1. Los Angeles is the city of paradox. Where else could Shirley Temple, the Marx Brothers, and other Hollywood luminaries live in the vicinity of eminent Viennese composer Arnold Schoenberg? Indeed, many influential artists, musicians, and cultural critics of the European avant garde found themselves in the land of palm trees and Hollywood glitz during the massive upheavals that led up to the Second World War. Leonard Stein, who was born in Los Angeles, was an active participant in the intellectual émigré community, and his close association with Arnold Schoenberg in particular make him an invaluable asset to those interested in the city’s art music life.

  2. Stein is a pianist who studied with Schoenberg at UCLA and assisted the composer in his musical and scholarly activities. He was one of the first performers in the Evenings on the Roof concert series, which continues to this day at the Los Angeles County Museum of Art; Maiko Kawabata performed Schoenberg’s last composition, the Violin Phantasy, Op. 47, with Stein in the spring of 1999 as part of this distinguished series. But it is his role as a keeper of Schoenberg’s legacy that makes Stein important to historians of the European avant garde.

  3. Arnold Schoenberg was one of the most important Western art music composers of the early twentieth century. Feeling that the expressive capacity of tonality as a musical language had been exhausted, Schoenberg overturned the basic tenets that had governed Western harmony since the early 17th century. In a move he called the "emancipation of dissonance," Schoenberg dismantled the hierarchical relationships of tonality and invented a system in which all twelve tones of the chromatic scale are equal. Schoenberg strongly believed in an evolutionary model of music history and felt that, just as tonal language—increasingly chromatic throughout the 19th century—would run its course, equally he was the true heir of the Germanic musical tradition. He and his students Alban Berg and Anton Webern came to be known as the Second Viennese School, a name which connected them to the great trio of earlier Viennese composers Haydn, Mozart, and Beethoven.

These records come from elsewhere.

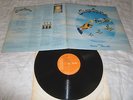 THE KINKS-soap opera  '75 UK LP ORIG. CONCEPT PSYCH ROCK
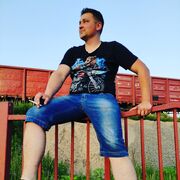 ���������� �����, ���� ������� �����, 29 ���, ������������ ��� ������, ����� � ���������, c�������� ���������, ���������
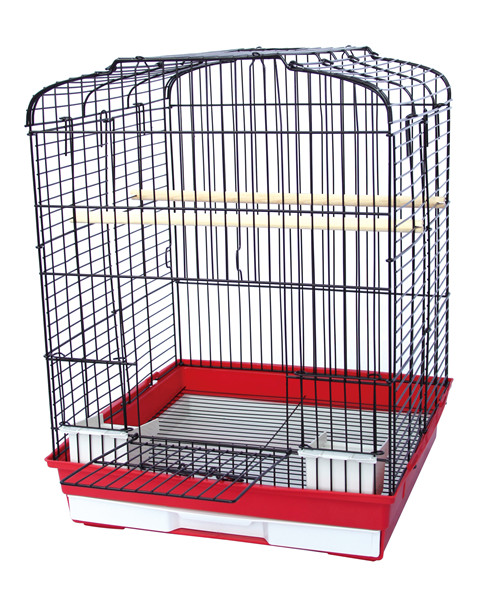 Bird Cage DLBRB1810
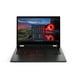 thumbnail image 2 of Laptop Lenovo T480s- 14''- Intel Core I7, 8va Gen- 8gb Ram- 512gb Ssd- Windows 10 Pro- Reacondicionado, 2 of 5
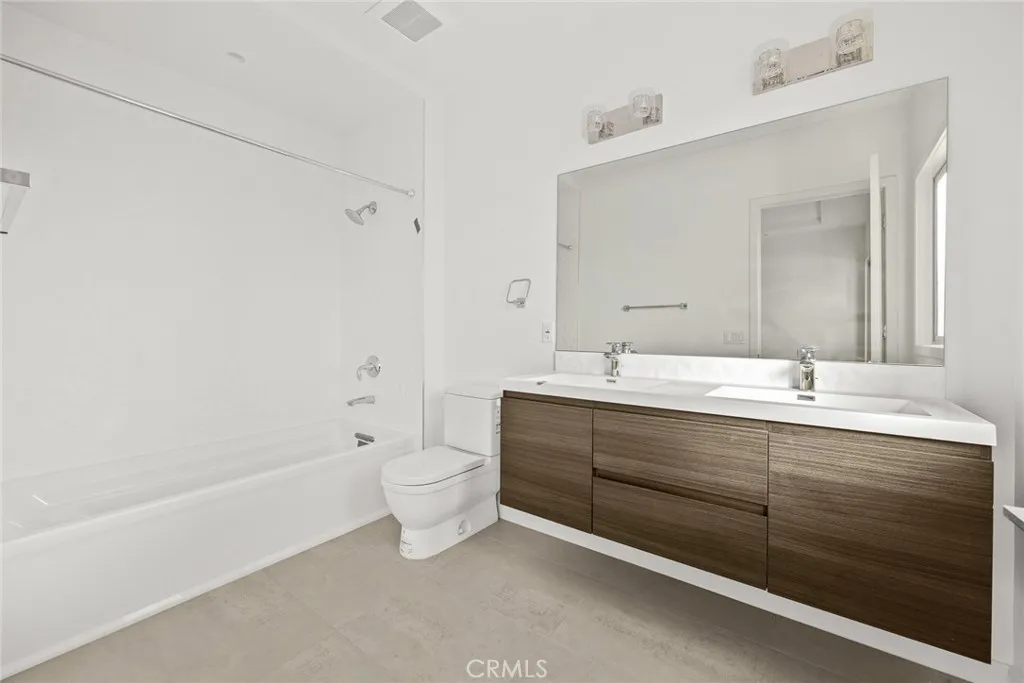 1228 Temple City Blvd, Arcadia, California 91007 home-pic-10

  4. Schoenberg was not the only Jewish intellectual to flee Nazi persecution and settle in California in the 1930s. Hanns Eisler, Bertold Brecht, Thomas Mann, Theodor Adorno, and Max Horkheimer were amongst Schoenberg’s fellow émigrés who observed the American cultural industry at close hand in Hollywood. Although Schoenberg’s archives recently returned to Europe, his name is still a part of both the California institutions at which he taught composition, harmony, and counterpoint—the music building at UCLA bears his name, and the University of Southern California’s Schoenberg Institute is a feature of their campus. Many of Schoenberg’s important compositions and texts were produced in the last fifteen years of his life in Southern Californian homes in Pasadena and Los Angeles neighborhoods such as Hollywood, and Brentwood.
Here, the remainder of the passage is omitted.